During the church services on
Maundy Thursday and Good Friday:
Reflect and meditate on the last
words of Christ spoken from that cross: words of grace, love, hope, agony,
suffering, finality, and rest.
Remember the sacrifice of Jesus
Christ for the atonement of our sins.
Recognize the gravity of our sin
that caused him the agony.
Repent and turn to God for
forgiveness.
Realize the greatness of the Holy
Trinity, the one and only God who saves.
Respond to the Lord in reverent
worship, prayer, and obedience.
On Maundy Thursday we share in the
Tenebrae liturgy. The purpose of the Tenebrae liturgy is to recreate the
excruciating emotional aspects of the passion of Christ. It is a solemn service,
because the occasion it reflects on is a sombre one. The deeply felt love for
Jesus that holds on to his sacrifice brings us to stand in awe, to remember
with reverence, to love passionately and to be grateful beyond the possibility
of the expression of words and actions.
On Maundy Thursday we meditate on
the fact that it was on the Thursday evening before Good Friday that Jesus and
his disciples were together for the last time, when he and they stood in the
shadow of the cross, when he washed their feet and instituted the Holy
Supper.
It is to stand in the shadows
within the darkness of Christ’s suffering.

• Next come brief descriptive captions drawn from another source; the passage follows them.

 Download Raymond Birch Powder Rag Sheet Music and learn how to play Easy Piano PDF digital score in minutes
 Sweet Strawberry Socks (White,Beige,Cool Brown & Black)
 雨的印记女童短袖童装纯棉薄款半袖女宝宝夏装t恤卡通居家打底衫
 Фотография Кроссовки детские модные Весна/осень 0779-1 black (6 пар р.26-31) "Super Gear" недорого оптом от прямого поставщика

It is keeping watch with the Lord.
The gradual extinguishing of the
lights and candles is symbolic of the advancing darkness that came over Jesus because
of the flight, the denial and betrayal of his disciples, the bitter hate of his
enemies, the shadows of the cross.
The minutes of total darkness
recalls the time when he was in the tomb.
And the relighting of the central
candle is a prophecy of Easter so soon to dawn.
The purpose of the service is to
recreate the abandonment and agony of the events, and it is left unfinished,
because the story isn’t over until Sunday – Resurrection Day. At Tenebrae we remember
Christ’s love and divine commitment to us, God’s people. And because the
outcome is not on Thursday, or Friday – the final word, the final blessing, the
amazing light comes on Sunday.
There can be no faith without
listening to what Jesus said on the cross.
There can be no joy of atonement,
without the death of the Sacrificial Lamb.
There can be no joy of life,
without the dreadful death of the Saviour.
There can be no joy of Paradise,
without the Redeemer’s forsakenness by God.
There is no forgiveness without the
bitter pain of repentance.
There is no grace and mercy,
without the wrath of God satisfied.
There is no salvation, without God
acting to redeem us by his Son.
There is no joy of thanksgiving, without reverent worship and prayer.